The rise of international arbitration has seen a more enlightened approach in modern times. It was seen that international arbitrations had a major commercial advantage as a uniform process largely independent of the local legal systems. The United Nations Convention on the Recognition and Enforcement of Foreign Arbitral Awards, 1958 (the 'New York Convention') has been adopted by many countries and is free from the intervention of any State. Interestingly though some states such as Argentina have recently been ignoring arbitration decisions so the party which wins the award is then forced to seek enforcement of the decision in that state.

 
Adjudication is currently used almost exclusively in the construction and engineering industry. The adjudicator is usually a construction or engineering expert appointed to give an opinion on the issue (sometimes technical) to allow work to carry on. It's a more informal process than going to court.

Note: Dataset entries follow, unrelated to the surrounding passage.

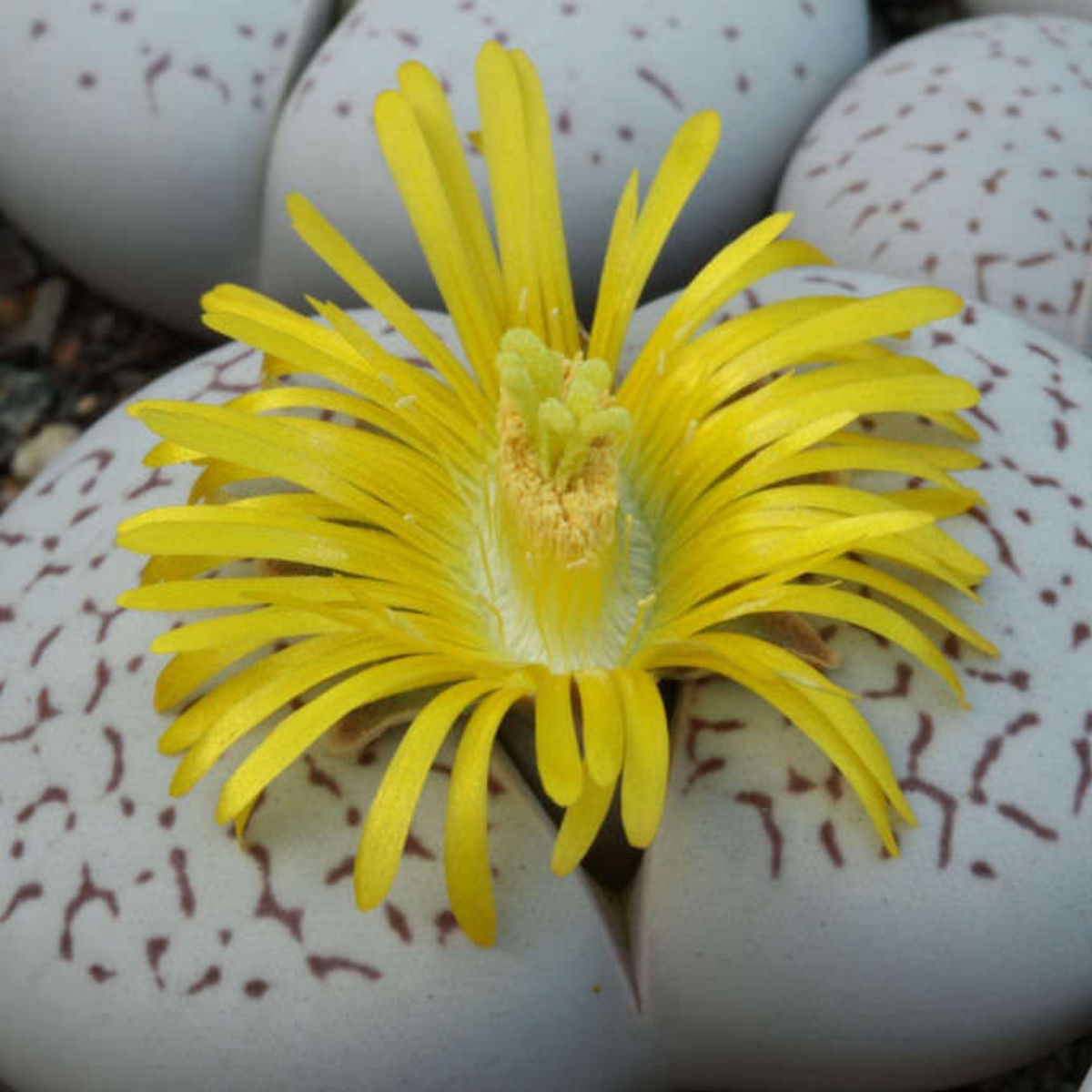 Dinteranthus Vanzylii PV644 seeds - 10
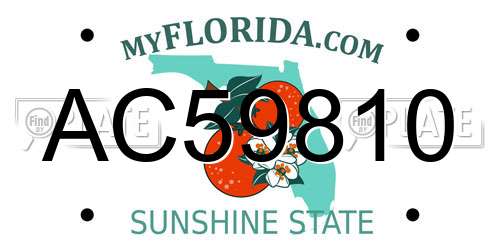 AC59810 Florida License Plate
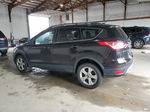 2013 Ford Escape Se Черный vin: 1FMCU9GX1DUC82717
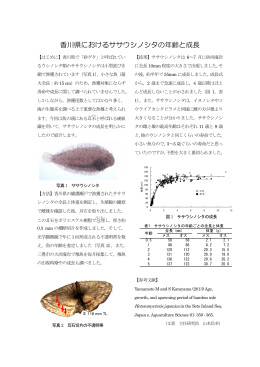 香川県におけるササウシノシタの年齢と成長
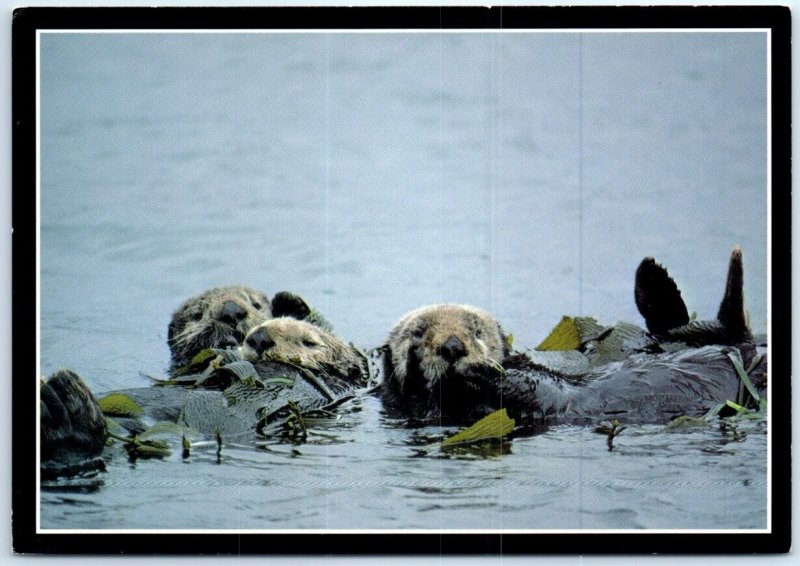 Postcard - Sea otters, Pacific Coast Wildlife - Pacific Coast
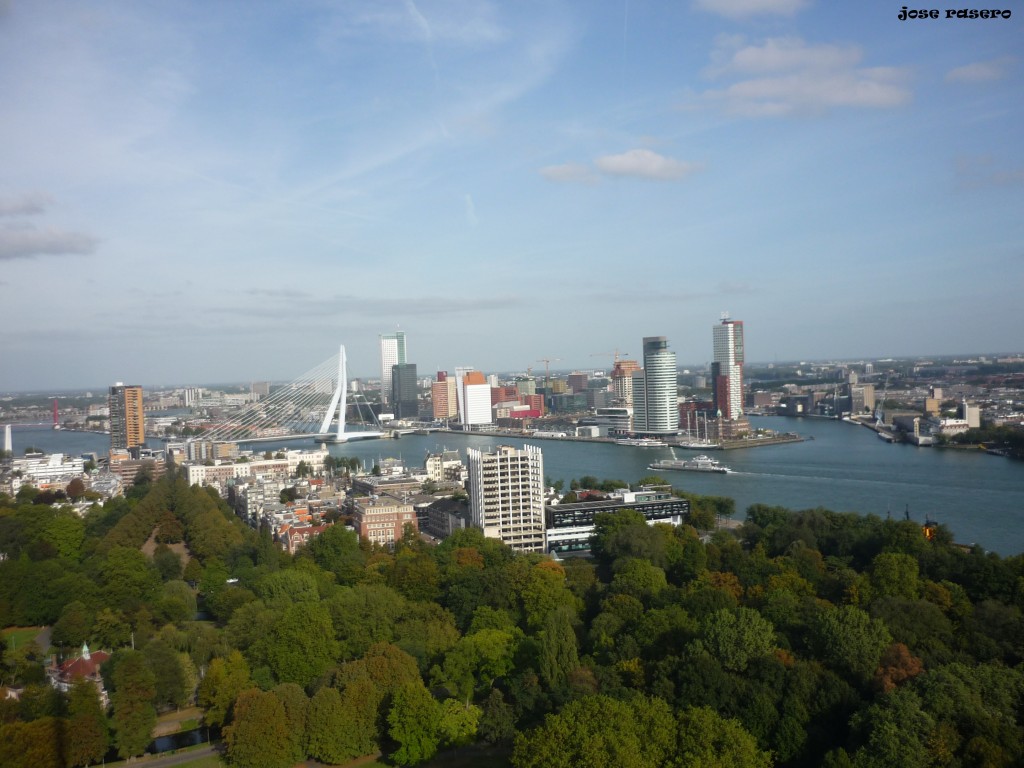 Rotterdam desde Euromast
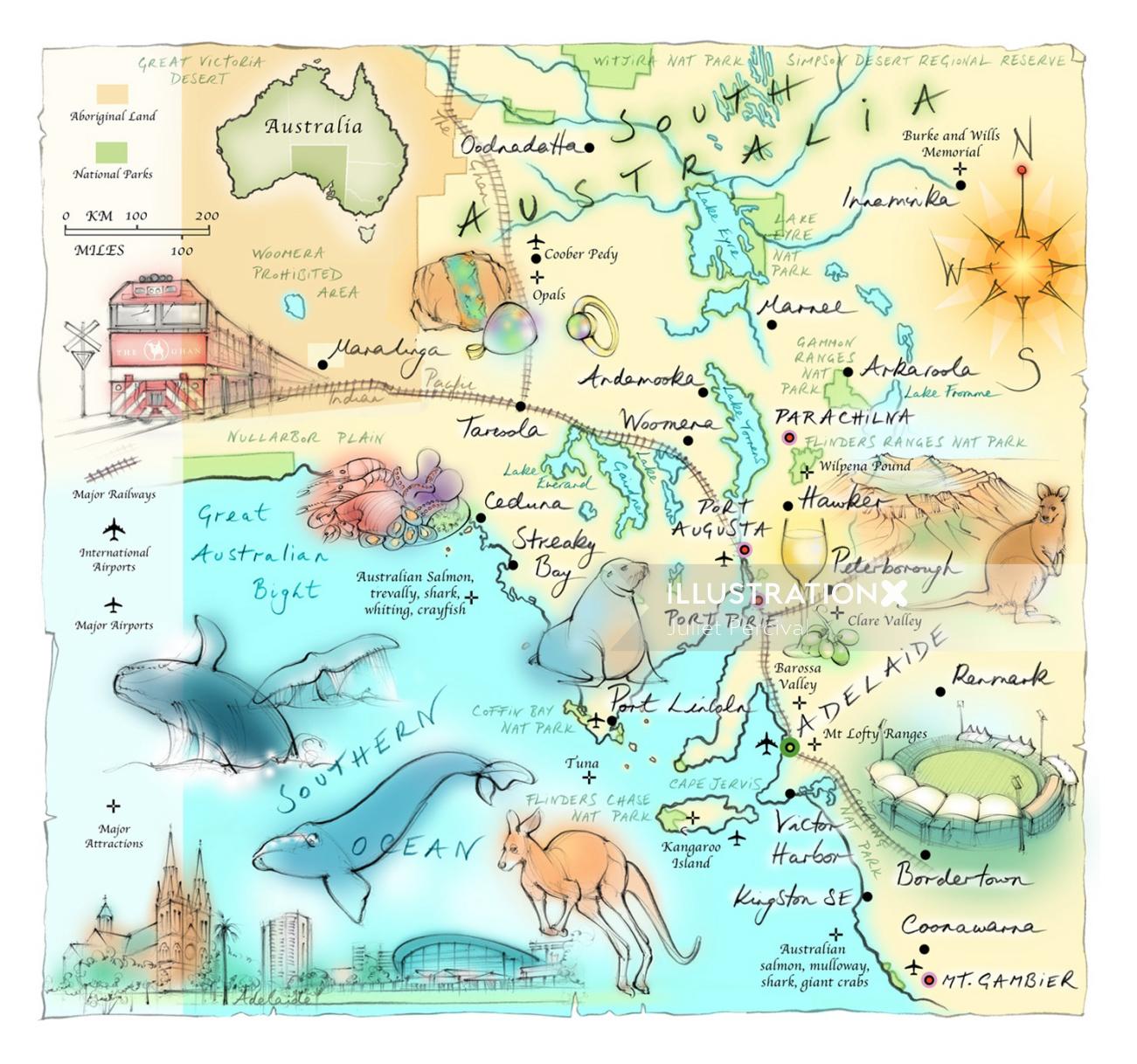 South Australia Tourist Map Juliet Percival - Map, Botanical And Architectural Illustrator, Uk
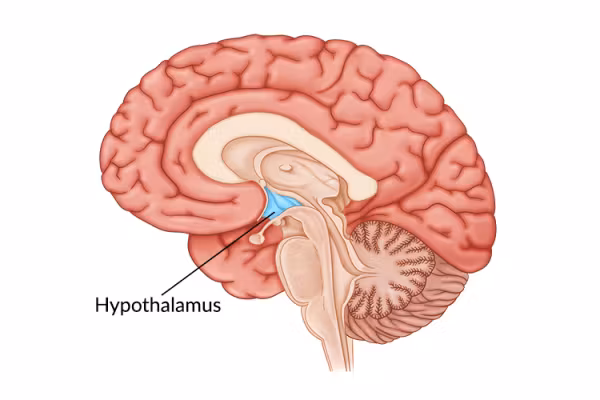 <p>Hypothalamus</p>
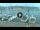 Webcam in Portoferraio (Elba), 5.5 mi away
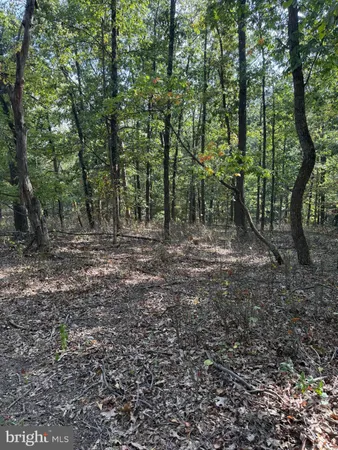 a view of outdoor space with green space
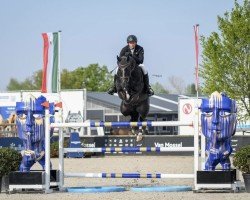 Deckhengst Orak d'Hamwyck (Belgisches Warmblut, 2014, von Tobago Z)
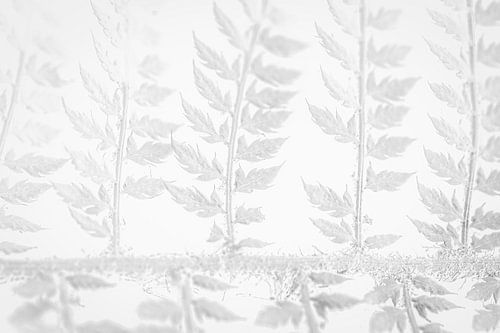 Subtiele Natuur – Zachte Varen in Monochroom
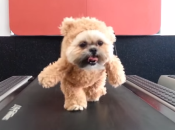 teddybearcostume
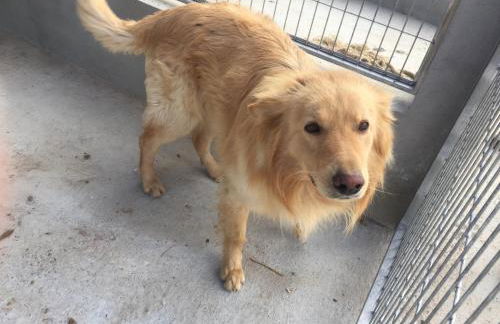 Reul Alto Cortijos Rurales - Foto 49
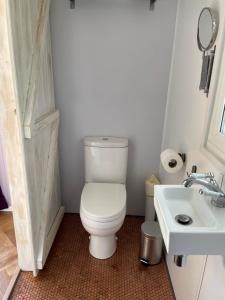 a bathroom with a toilet and a sink at Lilac Tree Hut in Tenby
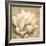 Magnolia Blossom on Script-Albena Hristova-Framed Art Print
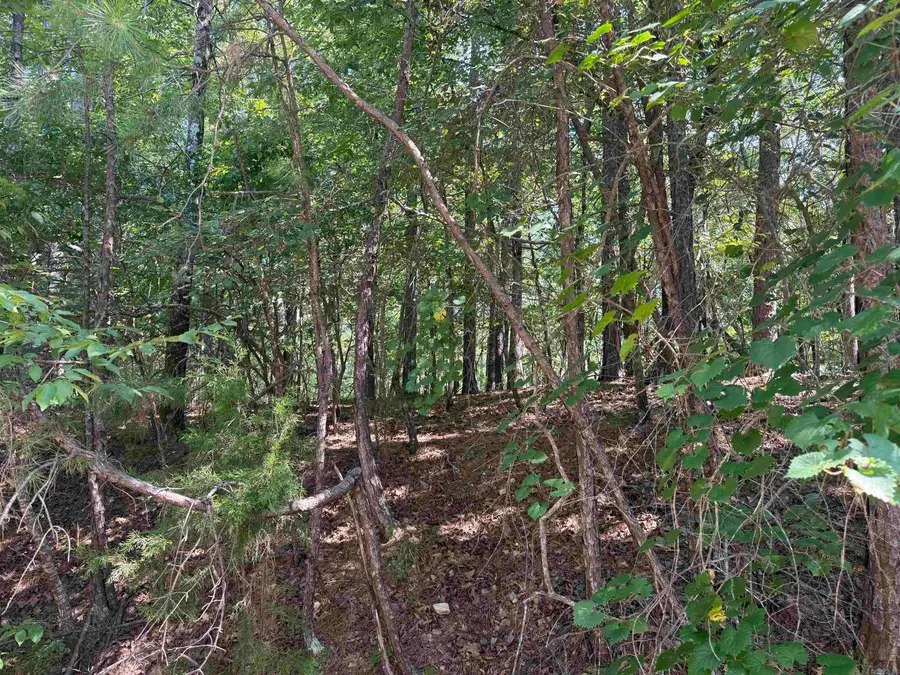 Lot 11 Fenix Way, Hot Springs Village, AR 71909 - #3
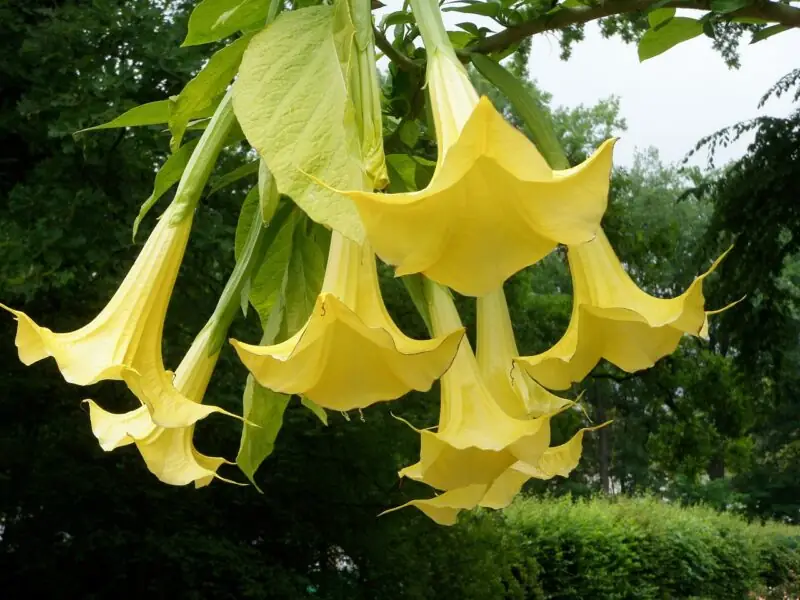 Angels Trumpet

It is not intended to be a complete legal statement, but to be a working interpretation of the contractual situation.  Generally arbitrators and courts will tend to support the adjudicator's decision unless there has been an obvious conflict with the applicable law.
 
Adjudication is preferred because it is seen as being fast and dirty, gives the Contractor certainty about his entitlement and enables some control to be kept over the solution to the dispute. 
The way forward is shown by the success of adjudication under the Housing Grants Construction and Regeneration Act 1996. The process could easily be considered as arbitration under the Arbitration Act 1996. So for instance, the rules of natural justice apply.

 
Expert determination is a procedure in which a dispute or a difference between the parties is submitted, by agreement of the parties, to one (or more) experts who make a determination on the matter referred to it or them. The determination is binding, unless the parties agreed otherwise and may have effect as a recommendation to the parties.

 
There is only a very limited basis to challenge the determination. It is therefore important that the parties select an expert with both relevant expertise and experience in addition to knowledge of the Determination process.
 
Sometimes the expert’s decision is not binding, but advisory. This is known as Expert Evaluation. Although not binding the evaluation often forms the basis of a settlement.  In contrast to mediation, a party cannot unilaterally withdraw from expert determination. It is ideally suited to multi-party disputes.
Expert Determination is ideally suited to disputes and matters of valuation and/or which are primarily dependent on technical issues e.g. does the computer match the specification; is the malfunction due to a design or a manufacturing fault; valuations of shares; rent reviews and contract performance matters. It can also easily be used in many other areas such as insurance wording disputes, sale of goods disputes, fitness for purpose and boundary disputes.
 
Although Expert Determination is an Alternative Dispute Resolution process, it can also be used when there is no dispute, but a difference which needs to be resolved for example the valuation of a private business.
In conclusion there are many and varied ways to avoid going to court and achieving a settlement and having a legal qualification is not everything.